WHEN, AND WHEN NOT, TO DRINK BEER
Greetings,
Is very important that you know when and when not to drink
beer.
You should drink beer when you want a beer.
You should drink a beer when there is one in front of you.
(Unless you have already had five or six earlier in the last
hour.)
You should drink a beer when someone buys a round.
When the menu calls for it, you should drink beer with your
meal.
Despite what science tells us, you should drink beer on a
hot summer day when you are thirsty.
(Science says it dehydrates you, I say not if you drink
enough of them.)
You should drink beer to celebrate a special occasion.
You should not drink beer when you've had too many.
How do you tell when you've had too many?
When you can convince yourself that you're the smartest
person in the pub, the most attractive person in the pub, in
fact the very best person there is in the pub.
Cheers!
Peter LaFrance
= = = = = = = =
TOO MANY BEERS SO
LITTLE TIME…
Greetings,
There are
over 2,000 breweries in operation in the United States of
America and Canada. There are over 10,000 brands of beer and
ale sold in that market. This accounts for breweries that
produce one and two barrel batches and the Golden, CO and
St. Louis, Mo breweries.
Now let’s
assume that 50% of these breweries are brewpubs, either
independent or chain members which leaves us with just 1,000
breweries and 5,000 brands of beer.
For the
sake of semi-accuracy let’s also decide that 50% of these
breweries are in very limited (one, maybe two states)

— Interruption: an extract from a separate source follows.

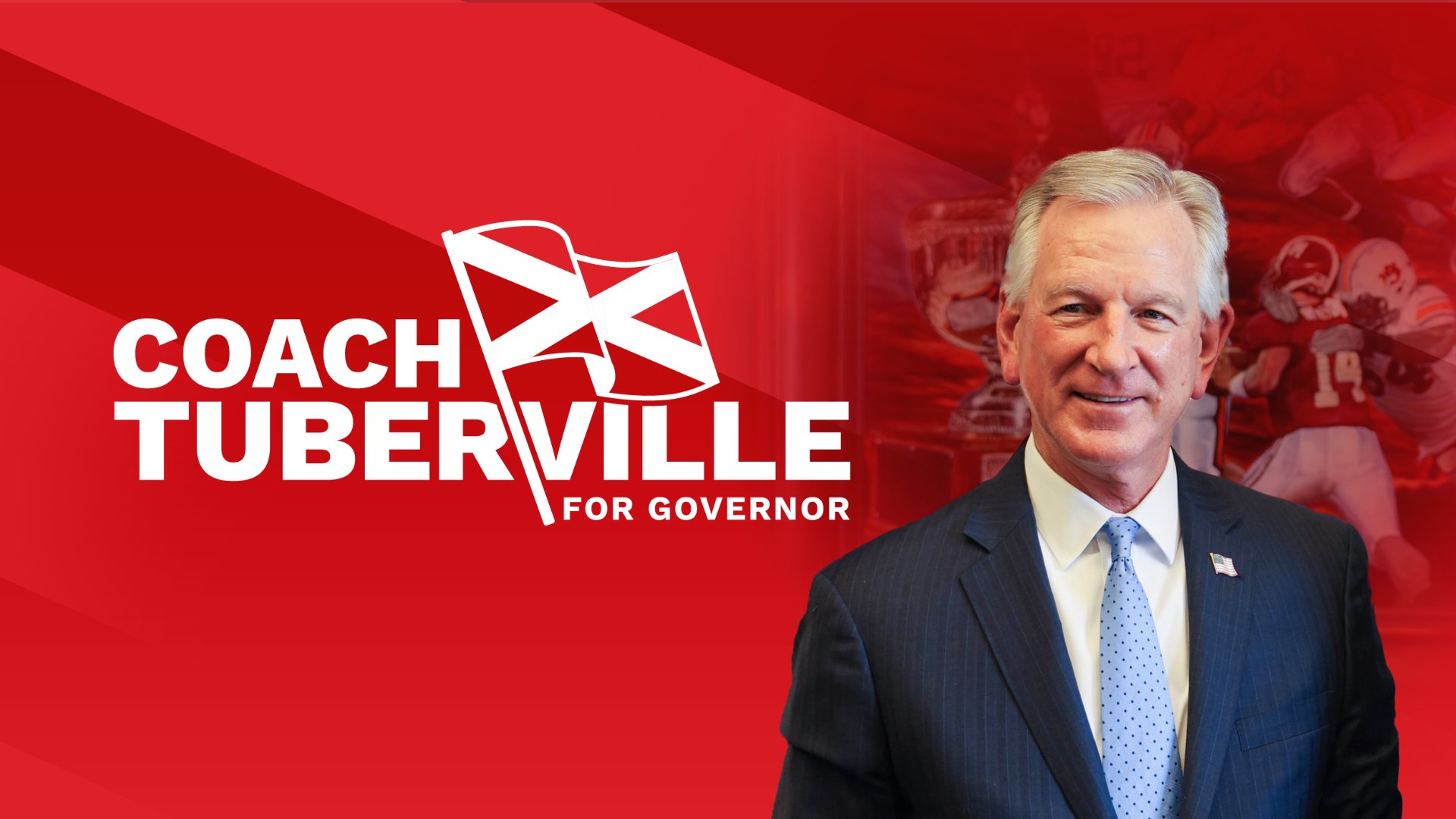 hbbtruth's tweet card. Coach Tommy Tuberville is running for governor of Alabama to fight for President Trump's America First agenda, stop illegal immigration, and protect our conservative values.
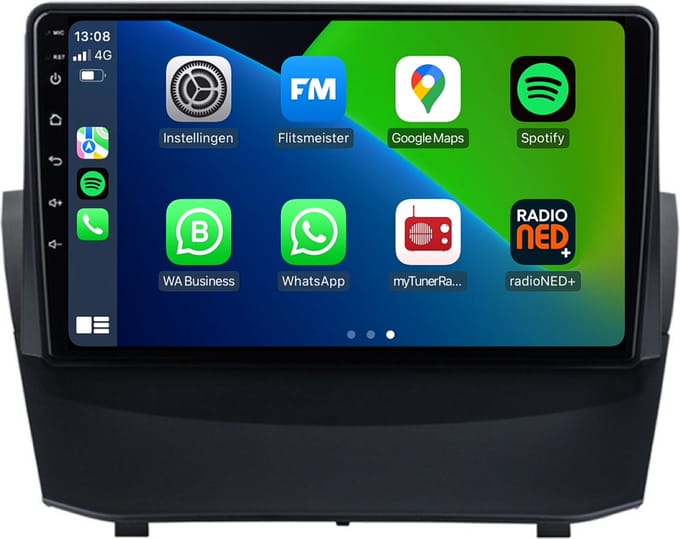 Carplay autoradio geschikt voor Ford Fiesta | 2013 t/m 2017 | Android 13 | Draadloos Apple Carplay & Android auto | 2GB + 32GB | 8-Core processor | Davilon | 2025 model | 2013 2014 2015 2016 2017 | Bluetooth & Wifi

markets, leaving 500 breweries marketing 2,500 brands of
beer.
And
finally, since we included the big boys in the initial
numbers let’s take half of those brands of beer and place
them in the available-nationwide cooler, and the other one
thousand five hundred brands in the craft-brew cooler.
Finally,
let’s say that a particular market has three major
distributors supplying local retailers. One wholesaler is an
Anheuser-Busch distributor, who carries the A-B “family of
beers” and local “micros” by special arrangement. The second
distributor supplies the “package store” or “off premises”
market with the lowest cost canned and bottled beers. The
third wholesaler specializes in high-end (super/ultra
premium) brands to on-premises retailers and restaurants.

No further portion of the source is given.